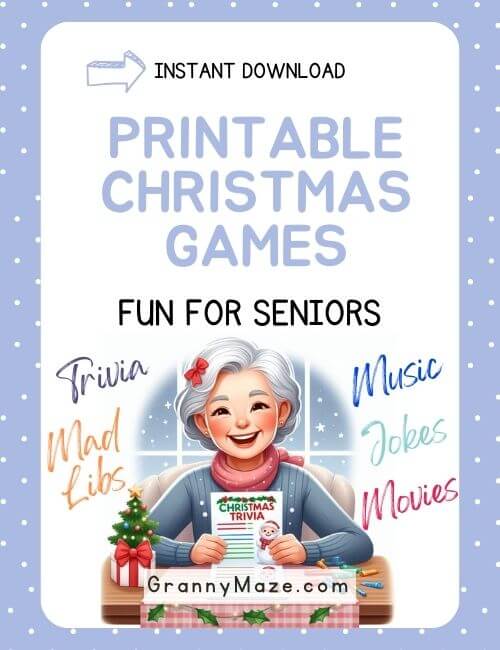 12 Fun Printable Christmas Games for Seniors @grannymaze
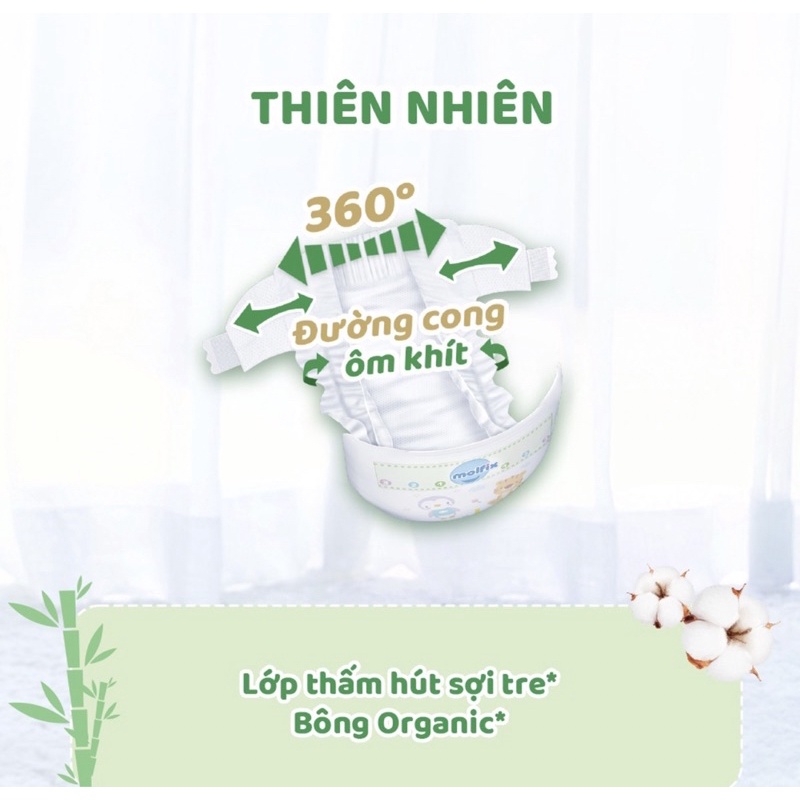 Tã/bỉm Molfix thiên nhiên quần M76 L68 Xl62 miếng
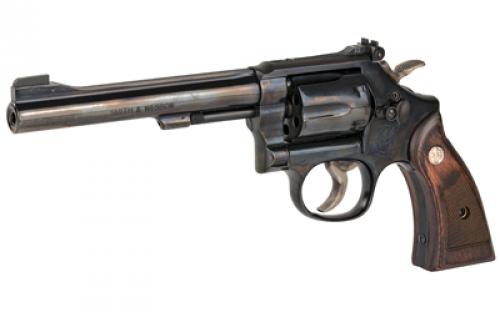 Smith & Wesson Model 17, Classic, Double Action, Metal Frame Revolver, K-Frame, 22LR, 6" Barrel, Carbon Steel, Blue Finish, Wood Grips, Adjustable Sights, 6 Rounds 150477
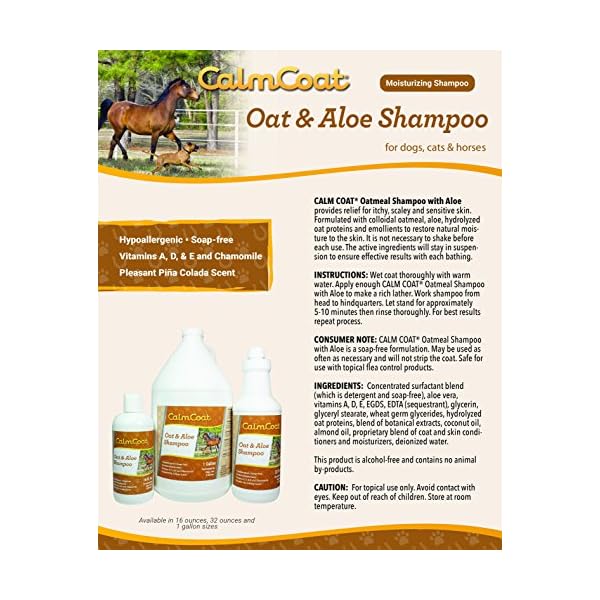 Calm Coat 1050 Oat & Aloe Shampoo for Dogs Cats & Horses 16 oz Calm Coat 1050 Oat & Aloe Shampoo for Dogs Cats & Horses 16 oz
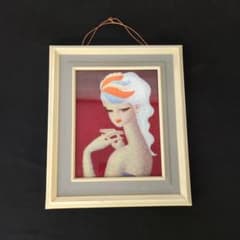 希少】東郷青児 ビーズアート 美人画 額装 昭和レトロ ヴィンテージ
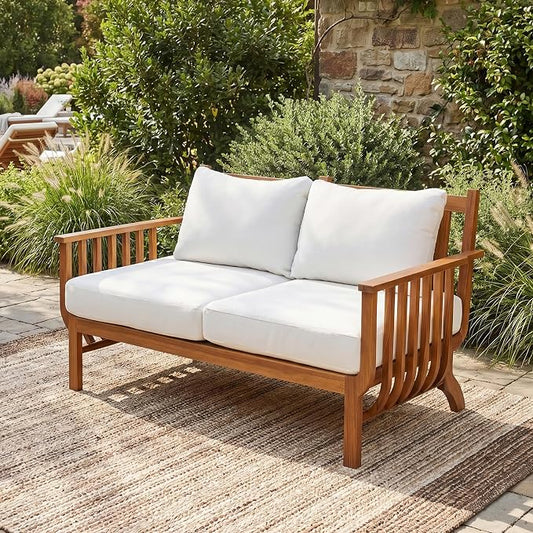 Merax 2-Seater Mid-Century Modern Acacia Wood Outdoor Loveseat with Weather-Resistant Cushions, Patio Sofa for Deck, Poolside, Backyard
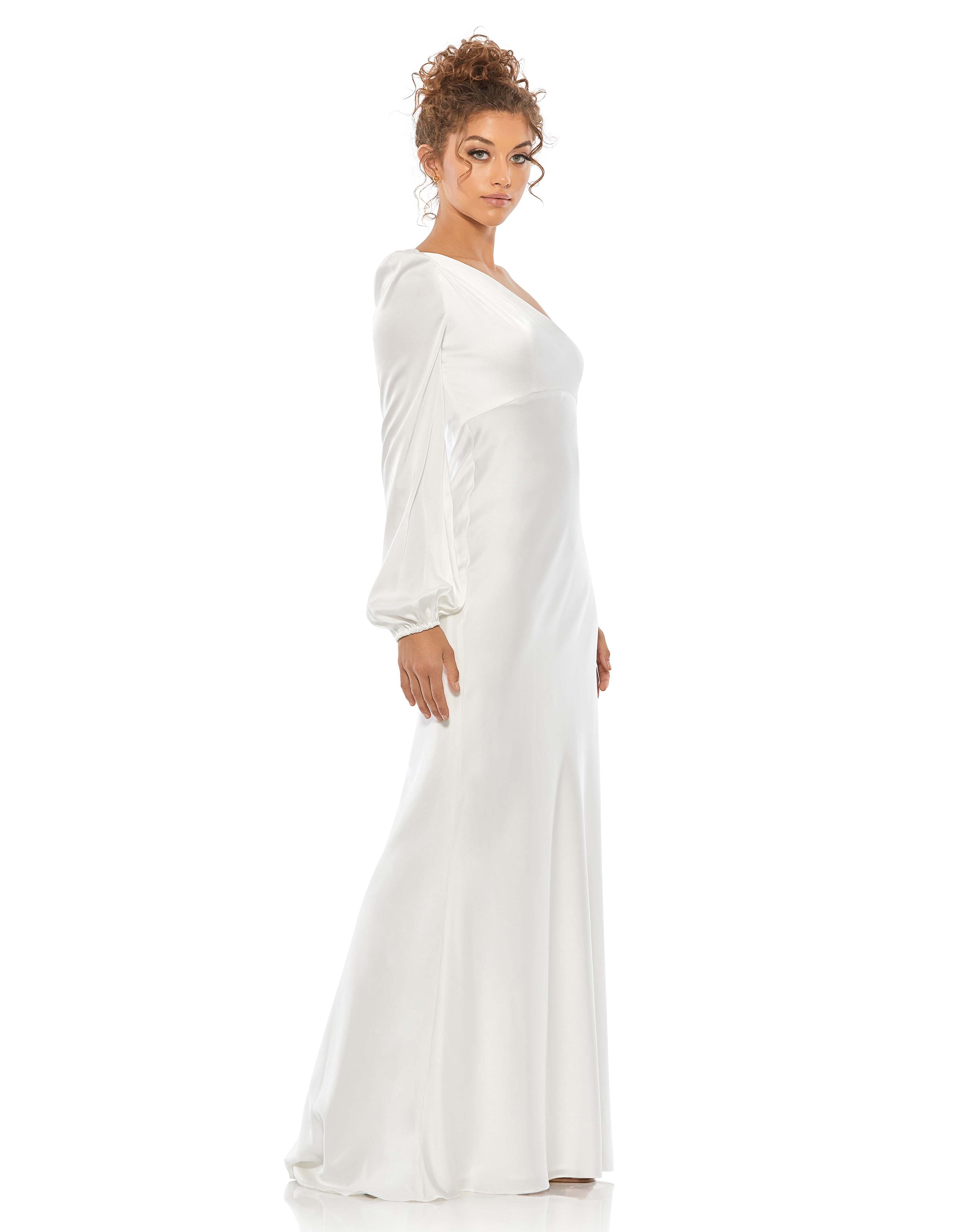 One Shoulder Blouson Sleeve Gown - FINAL SALE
+++++
WHAT YOU WILL DO
All that is needed here is the run of lines from the one containing "oz Calm Coat" through the end of the material above, reproduced exactly and without pictures.

TASK SOLUTION
 Calm Coat 1050 Oat & Aloe Shampoo for Dogs Cats & Horses 16 oz Calm Coat 1050 Oat & Aloe Shampoo for Dogs Cats & Horses 16 oz
 希少】東郷青児 ビーズアート 美人画 額装 昭和レトロ ヴィンテージ
 Merax 2-Seater Mid-Century Modern Acacia Wood Outdoor Loveseat with Weather-Resistant Cushions, Patio Sofa for Deck, Poolside, Backyard
 One Shoulder Blouson Sleeve Gown - FINAL SALE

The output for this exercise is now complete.